Die DIN 68800-3 definiert Gefährdungsklassen von 0 (keine Gefährdung) bis 4 (hohe Gefährdung). Eine Blockhauswand aus Kiefer, die der Witterung ausgesetzt ist, fällt wahrscheinlich in die Gefährdungsklasse 3 (zeitweise Feuchte) oder sogar 4 (dauerhaft feucht) ein. 🔴
👉 Handlungsempfehlung: Lassen Sie die spezifische Gefährdungssituation von einem Holzschutzsachverständigen vor Ort beurteilen. Dieser kann die notwendigen Schutzmaßnahmen (konstruktiv und chemisch) festlegen.
📖 Wichtige Begriffe kurz erklärt
- DIN 68800
- Deutsche Norm, die den Holzschutz im Hochbau regelt. Sie umfasst verschiedene Teile, die sich mit unterschiedlichen Aspekten des Holzschutzes befassen.
Verwandte Begriffe: Holzschutz, Gefährdungsklasse, konstruktiver Holzschutz, chemischer Holzschutz - Gefährdungsklasse
- Einteilung von Holzbauteilen nach dem Grad der Gefährdung durch Feuchtigkeit und holzzerstörende Organismen. Die Klassen reichen von 0 (keine Gefährdung) bis 4 (hohe Gefährdung).
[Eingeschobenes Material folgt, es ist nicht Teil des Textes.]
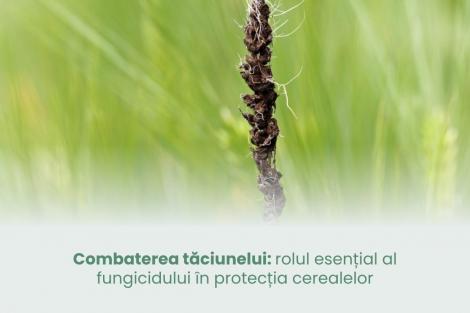 (P) Combaterea tăciunelui: rolul esențial al fungicidului în protecția cerealelor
Verwandte Begriffe: DIN 68800, Holzschutz, Holzfeuchte, Schädlingsbefall - Konstruktiver Holzschutz
- Bauliche Maßnahmen, die das Holz vor Feuchtigkeit schützen und so die Lebensdauer verlängern. Beispiele sind Dachüberstände, Tropfkanten und Hinterlüftung.
Verwandte Begriffe: Holzschutz, DIN 68800, Holzfeuchte, Bauschäden - Chemischer Holzschutz
- Verwendung von Holzschutzmitteln, um das Holz vor holzzerstörenden Organismen zu schützen. Er sollte nur eingesetzt werden, wenn konstruktiver Holzschutz nicht ausreicht.
Verwandte Begriffe: Holzschutz, DIN 68800, Biozide, Imprägnierung - Holzfeuchte
- Der Wassergehalt des Holzes, angegeben in Prozent. Sie beeinflusst die Anfälligkeit für Schädlingsbefall und die Dimensionsstabilität des Holzes.
Verwandte Begriffe: Holzschutz, Gefährdungsklasse, Trocknung, Schwinden - VOB
- Vergabe- und Vertragsordnung für Bauleistungen. Sie regelt die vertraglichen Beziehungen zwischen Bauherr und Auftragnehmer und kann auch Anforderungen an den Holzschutz enthalten.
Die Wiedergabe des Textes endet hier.